■ WHAT TO WORK ON
The answer is to be an exact copy of the lines below running from the line with "Haisley Heart Gold" down to the line with "Modernist Single Seat", both ends included, and nothing more.

________________________________________

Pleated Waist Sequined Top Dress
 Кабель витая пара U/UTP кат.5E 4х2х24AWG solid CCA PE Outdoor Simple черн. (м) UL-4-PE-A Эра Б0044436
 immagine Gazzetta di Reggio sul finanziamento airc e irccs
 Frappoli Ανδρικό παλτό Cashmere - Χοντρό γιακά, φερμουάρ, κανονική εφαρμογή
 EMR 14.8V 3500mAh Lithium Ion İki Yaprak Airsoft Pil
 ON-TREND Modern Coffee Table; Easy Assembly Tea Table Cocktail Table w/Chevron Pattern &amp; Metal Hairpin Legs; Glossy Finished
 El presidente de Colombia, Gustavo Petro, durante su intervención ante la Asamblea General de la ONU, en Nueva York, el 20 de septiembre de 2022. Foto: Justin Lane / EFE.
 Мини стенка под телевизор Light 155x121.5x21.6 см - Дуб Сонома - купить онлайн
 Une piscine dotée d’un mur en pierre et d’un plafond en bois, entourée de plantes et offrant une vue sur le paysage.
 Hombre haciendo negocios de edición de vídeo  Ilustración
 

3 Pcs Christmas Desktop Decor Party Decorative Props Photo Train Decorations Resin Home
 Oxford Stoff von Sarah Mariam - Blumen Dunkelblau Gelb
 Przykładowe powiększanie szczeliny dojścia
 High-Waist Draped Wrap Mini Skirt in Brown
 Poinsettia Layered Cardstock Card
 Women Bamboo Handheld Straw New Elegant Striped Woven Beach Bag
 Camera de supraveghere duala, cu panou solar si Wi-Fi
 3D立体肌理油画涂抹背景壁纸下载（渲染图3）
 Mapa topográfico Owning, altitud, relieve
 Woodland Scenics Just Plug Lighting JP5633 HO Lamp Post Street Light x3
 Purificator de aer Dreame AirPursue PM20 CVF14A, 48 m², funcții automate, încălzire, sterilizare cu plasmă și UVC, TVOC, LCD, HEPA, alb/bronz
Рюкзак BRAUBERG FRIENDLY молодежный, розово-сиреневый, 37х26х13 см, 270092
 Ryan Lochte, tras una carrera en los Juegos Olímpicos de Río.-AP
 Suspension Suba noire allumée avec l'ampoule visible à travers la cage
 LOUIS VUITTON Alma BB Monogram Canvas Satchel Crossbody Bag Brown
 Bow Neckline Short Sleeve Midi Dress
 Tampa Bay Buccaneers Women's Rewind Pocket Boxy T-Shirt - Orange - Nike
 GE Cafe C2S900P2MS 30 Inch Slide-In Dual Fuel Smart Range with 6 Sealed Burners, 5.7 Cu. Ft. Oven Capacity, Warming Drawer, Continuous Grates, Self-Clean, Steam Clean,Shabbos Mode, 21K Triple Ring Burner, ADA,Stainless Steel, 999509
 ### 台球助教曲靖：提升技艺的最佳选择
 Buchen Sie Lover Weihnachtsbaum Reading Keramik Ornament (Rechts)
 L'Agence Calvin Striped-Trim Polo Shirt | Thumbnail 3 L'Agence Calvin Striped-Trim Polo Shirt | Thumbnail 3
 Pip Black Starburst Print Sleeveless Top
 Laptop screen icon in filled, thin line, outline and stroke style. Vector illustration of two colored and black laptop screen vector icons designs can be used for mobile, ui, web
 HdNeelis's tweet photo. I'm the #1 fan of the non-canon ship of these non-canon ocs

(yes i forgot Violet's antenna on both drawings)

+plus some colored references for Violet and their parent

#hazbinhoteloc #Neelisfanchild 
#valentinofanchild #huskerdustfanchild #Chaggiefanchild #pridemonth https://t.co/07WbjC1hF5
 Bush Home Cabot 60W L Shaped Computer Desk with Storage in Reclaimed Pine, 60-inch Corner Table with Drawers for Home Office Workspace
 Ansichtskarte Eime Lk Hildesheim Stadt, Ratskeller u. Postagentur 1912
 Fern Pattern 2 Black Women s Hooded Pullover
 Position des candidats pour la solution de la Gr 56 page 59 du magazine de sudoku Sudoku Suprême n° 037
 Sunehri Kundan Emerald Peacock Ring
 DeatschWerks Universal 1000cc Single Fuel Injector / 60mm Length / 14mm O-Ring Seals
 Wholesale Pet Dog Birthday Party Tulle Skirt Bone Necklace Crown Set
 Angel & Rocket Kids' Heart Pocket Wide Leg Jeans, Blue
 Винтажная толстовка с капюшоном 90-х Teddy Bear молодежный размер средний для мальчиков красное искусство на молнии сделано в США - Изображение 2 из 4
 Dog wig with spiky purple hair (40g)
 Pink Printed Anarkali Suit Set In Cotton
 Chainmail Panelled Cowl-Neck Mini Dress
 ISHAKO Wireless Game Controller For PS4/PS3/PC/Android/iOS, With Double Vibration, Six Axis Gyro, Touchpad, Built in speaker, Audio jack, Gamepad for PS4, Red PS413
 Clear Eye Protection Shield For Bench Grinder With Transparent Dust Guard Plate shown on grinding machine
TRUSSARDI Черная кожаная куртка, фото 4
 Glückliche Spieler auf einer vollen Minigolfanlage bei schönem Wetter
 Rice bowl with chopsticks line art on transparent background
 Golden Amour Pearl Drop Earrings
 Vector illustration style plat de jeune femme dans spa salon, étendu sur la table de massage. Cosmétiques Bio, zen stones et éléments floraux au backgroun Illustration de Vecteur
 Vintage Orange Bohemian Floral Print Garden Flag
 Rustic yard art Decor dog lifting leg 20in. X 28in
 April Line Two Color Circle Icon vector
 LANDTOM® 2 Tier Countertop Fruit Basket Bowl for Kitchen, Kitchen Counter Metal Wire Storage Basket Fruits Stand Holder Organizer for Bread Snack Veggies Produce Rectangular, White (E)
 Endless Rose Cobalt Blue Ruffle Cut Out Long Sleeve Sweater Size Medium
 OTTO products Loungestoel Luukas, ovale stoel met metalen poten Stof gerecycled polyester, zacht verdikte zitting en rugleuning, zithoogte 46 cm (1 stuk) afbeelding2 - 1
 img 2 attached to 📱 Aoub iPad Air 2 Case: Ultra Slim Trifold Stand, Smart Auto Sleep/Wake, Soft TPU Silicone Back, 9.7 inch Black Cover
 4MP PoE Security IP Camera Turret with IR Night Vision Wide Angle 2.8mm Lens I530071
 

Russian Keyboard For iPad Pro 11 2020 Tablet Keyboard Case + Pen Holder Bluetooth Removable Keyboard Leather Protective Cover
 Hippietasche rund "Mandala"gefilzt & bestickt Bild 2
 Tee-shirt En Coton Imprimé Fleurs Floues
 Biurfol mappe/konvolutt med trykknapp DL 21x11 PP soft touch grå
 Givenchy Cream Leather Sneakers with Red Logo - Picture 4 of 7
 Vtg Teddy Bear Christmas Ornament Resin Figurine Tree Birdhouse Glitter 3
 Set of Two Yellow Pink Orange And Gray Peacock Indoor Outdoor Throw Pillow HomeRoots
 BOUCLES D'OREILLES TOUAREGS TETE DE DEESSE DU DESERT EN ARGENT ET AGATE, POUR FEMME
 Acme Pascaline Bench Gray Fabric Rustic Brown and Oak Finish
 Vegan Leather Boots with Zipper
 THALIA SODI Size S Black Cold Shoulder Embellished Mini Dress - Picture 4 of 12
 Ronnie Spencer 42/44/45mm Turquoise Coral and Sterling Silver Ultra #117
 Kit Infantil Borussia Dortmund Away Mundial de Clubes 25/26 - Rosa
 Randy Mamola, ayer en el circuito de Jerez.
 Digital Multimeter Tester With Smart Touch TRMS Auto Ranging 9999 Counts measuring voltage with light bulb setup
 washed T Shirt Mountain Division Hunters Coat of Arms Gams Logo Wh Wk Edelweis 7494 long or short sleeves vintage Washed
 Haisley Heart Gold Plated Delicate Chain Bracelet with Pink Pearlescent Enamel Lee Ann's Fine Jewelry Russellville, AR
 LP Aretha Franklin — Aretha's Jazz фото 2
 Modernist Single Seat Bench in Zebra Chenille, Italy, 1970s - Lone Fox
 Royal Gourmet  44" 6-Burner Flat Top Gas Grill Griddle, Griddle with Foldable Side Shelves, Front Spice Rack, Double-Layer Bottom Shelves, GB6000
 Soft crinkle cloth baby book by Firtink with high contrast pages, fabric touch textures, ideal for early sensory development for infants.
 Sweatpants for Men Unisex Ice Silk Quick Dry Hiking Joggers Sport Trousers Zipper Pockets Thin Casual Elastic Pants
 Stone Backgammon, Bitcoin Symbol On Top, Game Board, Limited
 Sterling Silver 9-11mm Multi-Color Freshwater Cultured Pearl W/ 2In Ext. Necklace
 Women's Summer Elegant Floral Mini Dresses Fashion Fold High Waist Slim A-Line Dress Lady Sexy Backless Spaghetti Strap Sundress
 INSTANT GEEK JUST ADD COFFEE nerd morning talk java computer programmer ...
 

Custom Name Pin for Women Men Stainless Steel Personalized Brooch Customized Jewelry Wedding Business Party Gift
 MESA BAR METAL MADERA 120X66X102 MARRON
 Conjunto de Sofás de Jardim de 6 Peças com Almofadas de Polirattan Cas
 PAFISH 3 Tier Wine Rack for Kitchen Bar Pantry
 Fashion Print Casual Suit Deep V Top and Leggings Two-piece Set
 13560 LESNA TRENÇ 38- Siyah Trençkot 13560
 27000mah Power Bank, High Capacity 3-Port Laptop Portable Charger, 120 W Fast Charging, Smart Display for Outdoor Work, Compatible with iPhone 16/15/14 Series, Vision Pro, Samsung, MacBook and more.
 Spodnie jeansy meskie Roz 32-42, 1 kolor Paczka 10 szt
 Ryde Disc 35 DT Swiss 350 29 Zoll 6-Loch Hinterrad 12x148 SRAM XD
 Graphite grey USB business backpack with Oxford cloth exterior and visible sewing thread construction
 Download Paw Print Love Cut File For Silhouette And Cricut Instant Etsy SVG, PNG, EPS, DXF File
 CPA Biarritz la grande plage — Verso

________________________________________

■ RESPONSE
 Haisley Heart Gold Plated Delicate Chain Bracelet with Pink Pearlescent Enamel Lee Ann's Fine Jewelry Russellville, AR
 LP Aretha Franklin — Aretha's Jazz фото 2
 Modernist Single Seat Bench in Zebra Chenille, Italy, 1970s - Lone Fox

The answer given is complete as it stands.